EXTRACTED DATA —
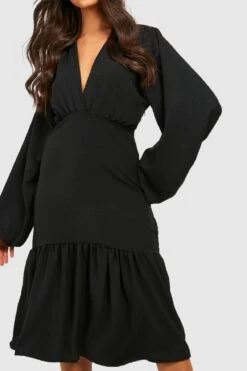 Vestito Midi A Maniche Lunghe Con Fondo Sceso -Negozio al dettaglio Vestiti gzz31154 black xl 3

* * *

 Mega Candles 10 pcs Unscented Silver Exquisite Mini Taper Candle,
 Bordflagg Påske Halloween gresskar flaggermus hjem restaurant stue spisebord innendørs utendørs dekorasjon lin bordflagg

WHAT TO WORK ON — Start with the line above that contains "Mega Candles 10" and stop after the line that contains "Bordflagg Påske Halloween". Output those lines exactly, and only those.

SOLUTION —
 Mega Candles 10 pcs Unscented Silver Exquisite Mini Taper Candle,
 Bordflagg Påske Halloween gresskar flaggermus hjem restaurant stue spisebord innendørs utendørs dekorasjon lin bordflagg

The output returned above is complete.